*Recorded data*:
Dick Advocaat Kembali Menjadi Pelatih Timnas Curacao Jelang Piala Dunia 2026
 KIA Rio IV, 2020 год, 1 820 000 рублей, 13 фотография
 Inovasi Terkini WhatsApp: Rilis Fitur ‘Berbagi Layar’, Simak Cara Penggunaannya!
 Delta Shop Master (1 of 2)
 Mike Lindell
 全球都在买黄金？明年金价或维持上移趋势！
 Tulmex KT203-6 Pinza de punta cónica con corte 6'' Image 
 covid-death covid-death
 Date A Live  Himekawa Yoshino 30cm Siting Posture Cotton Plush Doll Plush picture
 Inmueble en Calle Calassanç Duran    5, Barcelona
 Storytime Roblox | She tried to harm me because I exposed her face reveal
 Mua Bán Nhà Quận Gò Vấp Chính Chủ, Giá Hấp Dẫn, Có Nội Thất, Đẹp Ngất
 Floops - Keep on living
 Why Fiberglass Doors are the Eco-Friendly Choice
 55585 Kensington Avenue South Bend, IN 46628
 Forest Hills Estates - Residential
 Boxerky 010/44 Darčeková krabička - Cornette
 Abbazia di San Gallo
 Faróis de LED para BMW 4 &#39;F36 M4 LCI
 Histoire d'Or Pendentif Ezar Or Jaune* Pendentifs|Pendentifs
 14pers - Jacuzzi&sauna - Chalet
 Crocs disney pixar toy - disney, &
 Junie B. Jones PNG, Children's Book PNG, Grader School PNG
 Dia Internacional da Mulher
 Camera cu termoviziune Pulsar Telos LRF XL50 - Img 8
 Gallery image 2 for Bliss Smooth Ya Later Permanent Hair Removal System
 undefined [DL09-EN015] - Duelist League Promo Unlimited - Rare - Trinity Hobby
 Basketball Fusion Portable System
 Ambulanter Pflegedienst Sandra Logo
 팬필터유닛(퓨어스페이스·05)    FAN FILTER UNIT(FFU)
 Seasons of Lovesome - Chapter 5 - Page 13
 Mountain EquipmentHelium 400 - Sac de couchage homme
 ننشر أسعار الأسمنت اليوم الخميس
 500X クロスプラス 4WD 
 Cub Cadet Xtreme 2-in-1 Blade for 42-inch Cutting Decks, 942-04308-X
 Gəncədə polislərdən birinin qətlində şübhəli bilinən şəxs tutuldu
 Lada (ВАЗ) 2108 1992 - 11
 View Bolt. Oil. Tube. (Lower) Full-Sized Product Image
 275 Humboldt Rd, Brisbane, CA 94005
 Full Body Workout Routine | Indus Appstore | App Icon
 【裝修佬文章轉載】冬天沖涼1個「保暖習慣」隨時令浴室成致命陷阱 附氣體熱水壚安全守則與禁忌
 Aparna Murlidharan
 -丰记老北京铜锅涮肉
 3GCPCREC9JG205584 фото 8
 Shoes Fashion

*What the task requires*: Only certain lines are wanted. Please return exactly those from the top of the data through the line with "Camera cu termoviziune".

*Result of the task*:
Dick Advocaat Kembali Menjadi Pelatih Timnas Curacao Jelang Piala Dunia 2026
 KIA Rio IV, 2020 год, 1 820 000 рублей, 13 фотография
 Inovasi Terkini WhatsApp: Rilis Fitur ‘Berbagi Layar’, Simak Cara Penggunaannya!
 Delta Shop Master (1 of 2)
 Mike Lindell
 全球都在买黄金？明年金价或维持上移趋势！
 Tulmex KT203-6 Pinza de punta cónica con corte 6'' Image 
 covid-death covid-death
 Date A Live  Himekawa Yoshino 30cm Siting Posture Cotton Plush Doll Plush picture
 Inmueble en Calle Calassanç Duran    5, Barcelona
 Storytime Roblox | She tried to harm me because I exposed her face reveal
 Mua Bán Nhà Quận Gò Vấp Chính Chủ, Giá Hấp Dẫn, Có Nội Thất, Đẹp Ngất
 Floops - Keep on living
 Why Fiberglass Doors are the Eco-Friendly Choice
 55585 Kensington Avenue South Bend, IN 46628
 Forest Hills Estates - Residential
 Boxerky 010/44 Darčeková krabička - Cornette
 Abbazia di San Gallo
 Faróis de LED para BMW 4 &#39;F36 M4 LCI
 Histoire d'Or Pendentif Ezar Or Jaune* Pendentifs|Pendentifs
 14pers - Jacuzzi&sauna - Chalet
 Crocs disney pixar toy - disney, &
 Junie B. Jones PNG, Children's Book PNG, Grader School PNG
 Dia Internacional da Mulher
 Camera cu termoviziune Pulsar Telos LRF XL50 - Img 8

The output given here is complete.